Alors que les serrures sont rendues plus faciles et que les gens décongelent leur vie, Vasseur doute que l'énormité de tant de pertes commence à couler, libérant un tas de souplesse qui ne peut pas être pleinement compris et exprimé lorsque tout le monde est fermé.

Les maisons des morts devront être visitées. Les membres doivent se rassembler et partager les héritages. Des commémorations qui ne peuvent avoir lieu lorsque les grands rassemblements sont interdits doivent être organisées. Ash attend sa collecte dans les salons funéraires. Les larmes persistantes couleront.

Imitant le mouvement de remise de l'urne, Vasseur imagine le choc qui attend ceux qui vont devoir lui dire: «Voilà, c'est ta mère ou ton père qui était en pleine santé, regardait la télévision ou parlait il y a 15 jours.

"Ils vous obtiennent une urne, et pendant une seconde, vous ne pouvez pas imaginer la transition entre le moment où on vous a dit qu'ils étaient infectés par le virus et leur mort", a-t-il déclaré à L'Autre Rive dans une interview.

Le nom traduit signifie "Deuxième Côte", représentant des images de la rivière Styxie qui séparait les vies du monde souterrain dans la mythologie grecque. Le magasin possède une magnifique table ronde en bois où, dans les temps meilleurs, Vasseur et ses clients passaient des heures à organiser des funérailles, discutant du départ.

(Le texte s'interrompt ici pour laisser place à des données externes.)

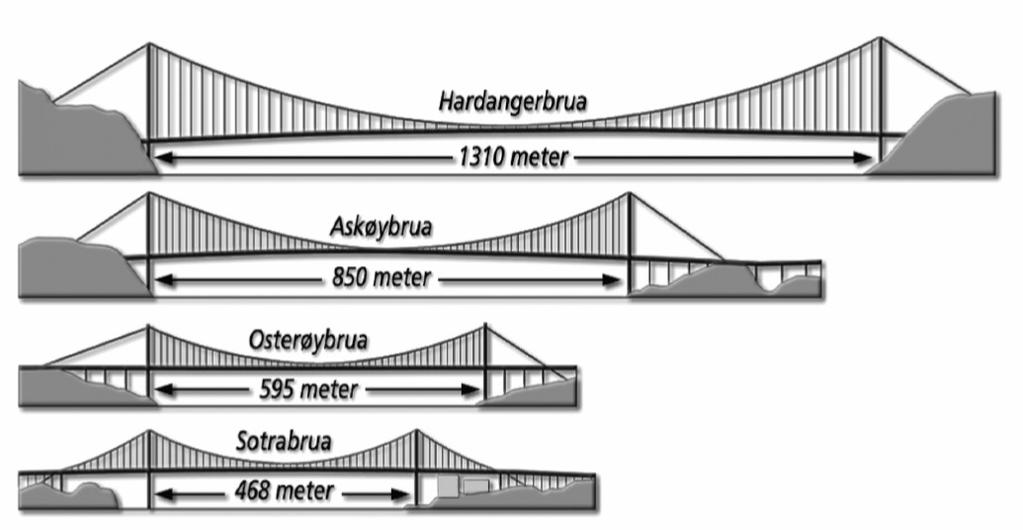 The history of suspension bridges in Norway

"C'est là que commence le processus de deuil", a-t-il déclaré.

Enfermé, Vasseur dit que son travail est devenu "complètement différent", une procession de mort, de déposition et de paperasse, des jours passés à transporter des cadavres de A à B, à faire la queue avec d'autres recherches et à gérer le téléphone et le courrier électronique avec les familles incarcérées. il ne pouvait plus se réconforter.

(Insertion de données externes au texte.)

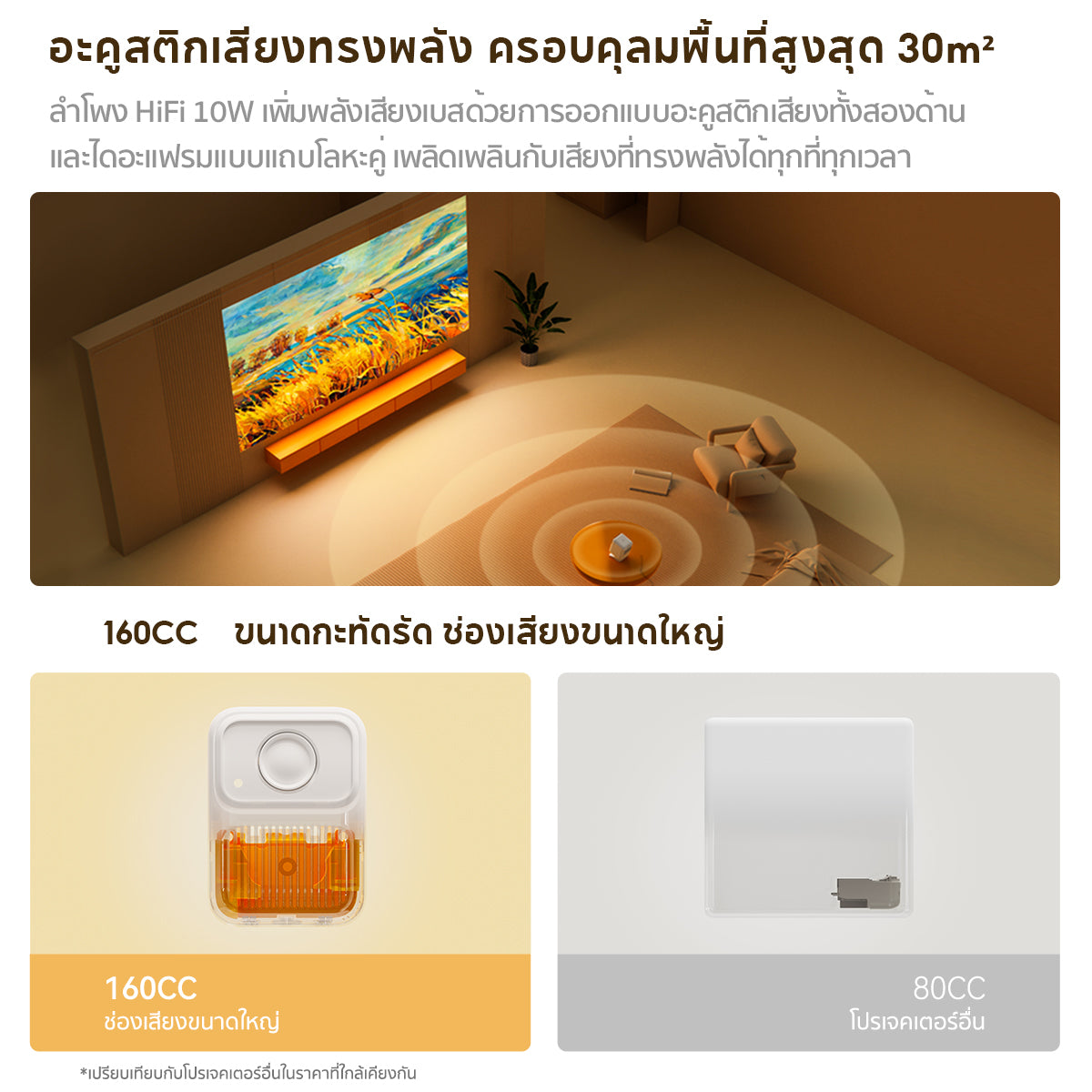 Wanbo Dali 1 Projector โปรเจคเตอร์ มินิโปรเจคเตอร์ คุณภาพระดับ Android 9.0 โฟกัสอัตโนมัติ หลีกเลี่ยงสิ่งกีดขวางอั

"Pour toutes ces familles, quel impact cela aura-t-il sur le processus de deuil?" se demande-t-il.

"Il peut y avoir une zone grise chez les gens", a-t-il déclaré. "Comme une panne d'électricité."

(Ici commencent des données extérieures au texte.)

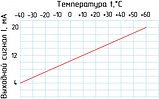 Датчик температуры настенный STA02-79B35-I420-K-PL, фото 3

Comme les corps devaient être scellés dans des cercueils, leurs proches ne pouvaient pas leur donner un dernier regard doux ou une caresse. Et les gens enfermés en dehors de Paris ont estimé qu'en raison des règles de la maison, des patrouilles de police et des permis de voyage qu'ils devaient montrer, il n'était pas sage de briser la quarantaine.

"Ils ont dit: 'Envoyez-nous une photo d'une mère dans son cercueil. "Afin qu'ils puissent visualiser le défunt et son départ", a expliqué Vasseur.

Certaines familles ont envoyé des signes d'amour, des messages, des jouets masqués pour que Vasseur mette le cercueil. Il leur a envoyé des photos prises avec son téléphone portable.

Certains sont dans le déni.

"Ils m'ont déjà demandé:" Êtes-vous sûr qu'elle a été incinérée? " Est-elle vraiment morte? Je ne le crois pas. Ce n'est pas vrai », a-t-il dit.

"Tout cela signifie qu'ils auront énormément de mal à aller de l'avant avec le processus de deuil. Je pense que ce sera compliqué pour beaucoup de gens."